Arriving at NATO headquarters in Brussels for a summit with his 29 counterparts, Biden stressed that the alliance was “critically important” to US security.
But it is also a moment to renew priorities and strategies for dealing with Moscow and Beijing, novel threats, and NATO’s hasty withdrawal from Afghanistan after years of conflict.
“We have Russia that is not acting in a way that is consistent with what we had hoped, as well as China,” he said.
And he stressed once again that Article 5 of the NATO treaty — the obligation of members to defend one another, once called into question by Trump — was a “sacred obligation”.
“We’re not entering a new Cold War and China is not our adversary, not our enemy,” Stoltenberg told reporters as he arrived at NATO headquarters ahead of the leaders.
– Erdogan talks –
France’s President Emmanuel Macron met one-on-one with his Turkish counterpart and fellow ally Recep Tayyip Erdogan ahead of the summit, and Biden was due to meet him later.

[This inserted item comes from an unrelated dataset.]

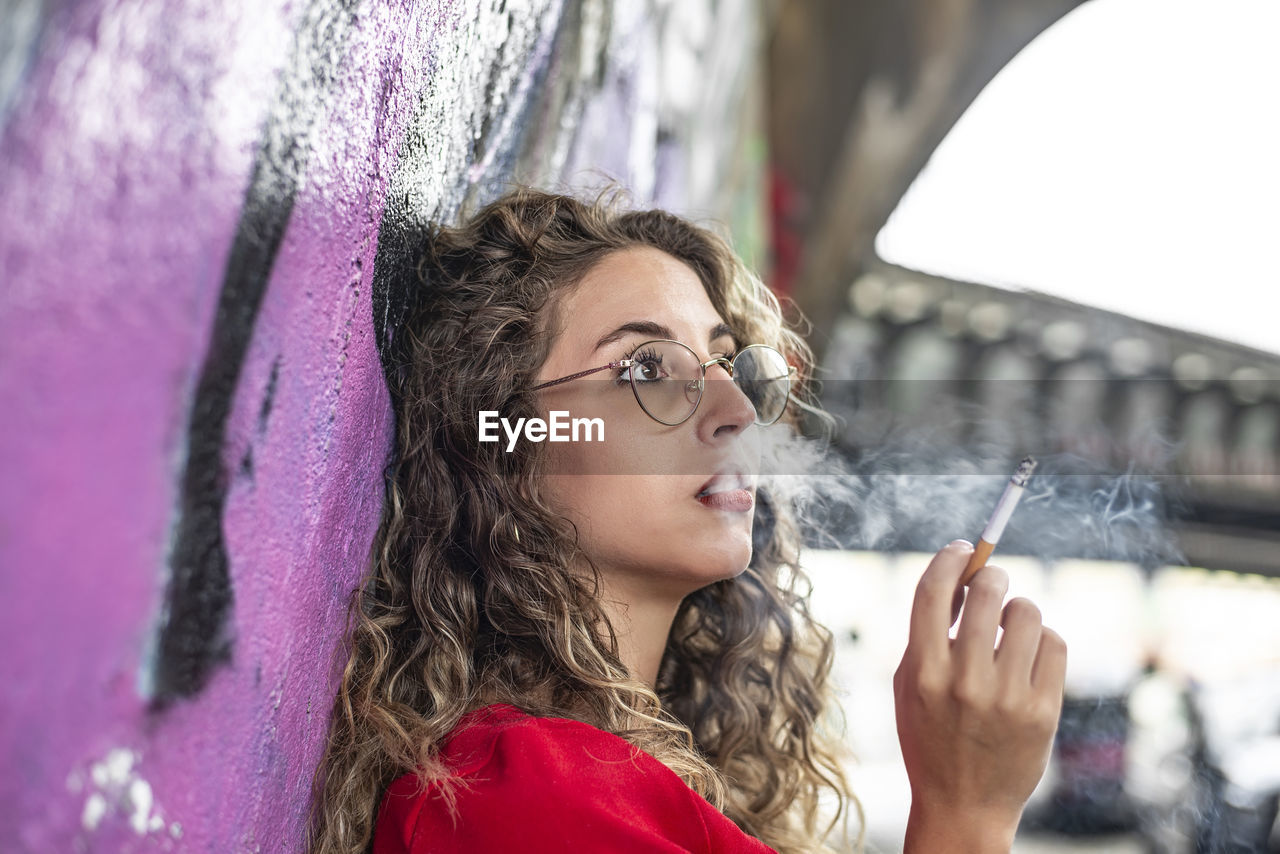 portrait of young woman standing against wall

In contrast to Trump, Biden has firmly reasserted American backing for the 72-year-old military alliance — and his administration has been making a show of consulting more with partners.
But there remain divisions among the allies on some key issues — including how to deal with China’s rise and how to increase common funding.
Other leaders arriving for the talks dismissed this phrase, but European leaders stressed that they did not want to be drawn into a US confrontation with China at the cost of focusing on Russia.
The leaders will agree to rewrite the core “strategic concept” to face a world where cyber attacks, climate change, and new technologies pose new threats.
On China, Biden is picking up from where Trump left off by getting NATO to start paying attention to Beijing and is pushing for the alliance to take a tougher line.
– Out of Afghanistan –
Allies are patching together plans to try to avert a collapse of Afghan forces when they leave and figuring out how to provide enough security for Western embassies to keep working.
Stoltenberg said that NATO would continue to fund Afghan forces, train them abroad and provide civilian support to the government once the military mission has ended.
Stoltenberg said allies are expected to sign off on a new cyber defence policy and to create a fund to help start-ups developing groundbreaking technology.